The Regular Force pipe bands are all volunteer organizations; that is, they are not the primary duty of those involved.

The Reserves have both volunteer bands and dedicated bands; in the latter, the members are military musicians.


----------



## Conscript (28 Aug 2009)

dapaterson said:
			
		

> The Regular Force pipe bands are all volunteer organizations; that is, they are not the primary duty of those involved.
> 
> The Reserves have both volunteer bands and dedicated bands; in the latter, the members are military musicians.



So basicly when I join Reg I just show up with my pipes and see if they want me?


----------



## RHFC_piper (28 Aug 2009)

Conscript said:
			
		

> So basicly when I join Reg I just show up with my pipes and see if they want me?



Depending on where you end up; there are a lot of volunteer bands across Canada, both Civlian/Military as well as Regular and Reserve. 

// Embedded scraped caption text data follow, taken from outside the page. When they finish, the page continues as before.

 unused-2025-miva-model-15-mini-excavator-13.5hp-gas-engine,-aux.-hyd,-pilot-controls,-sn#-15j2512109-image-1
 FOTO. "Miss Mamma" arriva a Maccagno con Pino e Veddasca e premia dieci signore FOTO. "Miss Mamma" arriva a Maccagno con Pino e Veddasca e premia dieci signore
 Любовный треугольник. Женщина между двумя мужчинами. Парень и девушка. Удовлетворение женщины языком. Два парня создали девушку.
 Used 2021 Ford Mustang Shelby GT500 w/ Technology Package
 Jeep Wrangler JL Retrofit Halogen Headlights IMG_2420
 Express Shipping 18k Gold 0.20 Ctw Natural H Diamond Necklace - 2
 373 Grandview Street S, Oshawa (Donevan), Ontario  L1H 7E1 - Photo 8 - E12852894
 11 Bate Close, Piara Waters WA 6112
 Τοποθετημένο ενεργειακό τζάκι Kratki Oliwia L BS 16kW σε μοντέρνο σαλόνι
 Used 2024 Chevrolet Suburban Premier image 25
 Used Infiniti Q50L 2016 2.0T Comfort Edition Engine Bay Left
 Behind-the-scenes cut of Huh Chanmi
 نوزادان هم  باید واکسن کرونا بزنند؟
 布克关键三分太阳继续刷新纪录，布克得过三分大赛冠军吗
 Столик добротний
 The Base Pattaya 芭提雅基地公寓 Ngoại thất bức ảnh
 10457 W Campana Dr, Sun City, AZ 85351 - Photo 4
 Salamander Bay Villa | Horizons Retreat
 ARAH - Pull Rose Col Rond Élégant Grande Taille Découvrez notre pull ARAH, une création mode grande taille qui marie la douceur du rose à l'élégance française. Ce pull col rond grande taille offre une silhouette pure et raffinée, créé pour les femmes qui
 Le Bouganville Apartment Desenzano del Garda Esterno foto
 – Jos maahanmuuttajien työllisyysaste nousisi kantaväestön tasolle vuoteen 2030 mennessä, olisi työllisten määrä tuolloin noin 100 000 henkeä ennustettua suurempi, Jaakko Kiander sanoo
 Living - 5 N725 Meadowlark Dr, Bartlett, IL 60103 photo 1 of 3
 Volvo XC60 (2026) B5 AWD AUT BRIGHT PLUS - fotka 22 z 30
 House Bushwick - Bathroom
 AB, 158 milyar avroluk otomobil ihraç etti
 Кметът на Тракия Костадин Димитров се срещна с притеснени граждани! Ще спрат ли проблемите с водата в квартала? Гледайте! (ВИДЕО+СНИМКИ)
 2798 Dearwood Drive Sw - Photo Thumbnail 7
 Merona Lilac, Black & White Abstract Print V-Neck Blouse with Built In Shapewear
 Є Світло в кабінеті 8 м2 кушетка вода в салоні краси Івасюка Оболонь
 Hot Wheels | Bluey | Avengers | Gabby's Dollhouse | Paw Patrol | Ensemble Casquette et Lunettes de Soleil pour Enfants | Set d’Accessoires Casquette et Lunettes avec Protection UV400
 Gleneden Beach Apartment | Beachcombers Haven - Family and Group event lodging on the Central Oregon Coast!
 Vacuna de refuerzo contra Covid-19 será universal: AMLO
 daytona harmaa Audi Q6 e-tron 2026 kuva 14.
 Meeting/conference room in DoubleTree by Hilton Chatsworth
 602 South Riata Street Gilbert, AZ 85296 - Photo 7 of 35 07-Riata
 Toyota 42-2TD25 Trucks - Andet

If you're keen on ensuring where you go has a band, do some research... there's lots of info on the forums here, just search around.

Keep piping.

iper:


----------



## gaspasser (28 Aug 2009)

I know that the 413 Wing AFAC Band is always looking and they teach too.  (small plug for my band, just a newb piper)  and the 8 Wing band is always looking for pipers and this year they will be teaching.  There's P&D bands everywhere. 


iper:


----------



## Loachman (28 Aug 2009)

400 Squadron's most excellent band is made up of both Reservists and civilians, and I've seen that mix elsewhere.


----------



## Eye In The Sky (28 Aug 2009)

You can add 12 Wing in Shearwater, NS to the list too.

*DIN/DWAN/IntraNet link only*

http://shearwater.mil.ca/WING_CWO/pipesdrums.asp


----------



## gaspasser (28 Aug 2009)

Loachman said:
			
		

> 400 Squadron's most excellent band is made up of both Reservists and civilians, and I've seen that mix elsewhere.


They have a great new drum major too... iper:

I would hazard a guess that most bases/wings have P&D and brass bands. iper:


----------



## Blackadder1916 (28 Aug 2009)

If you do a search of the DHH Music site they list these as the pipe and drum bands in the CF.

http://www.cmp-cpm.forces.gc.ca/dhh-dhp/musi/bd-am/index-eng.asp?province=&Type=2&Component=&Status=&Name=&btnSubmit=Search


> List of Bands:
> 
> 12 Wing Pipes and Drums
> 14 Wing Pipes and Drums
> ...


----------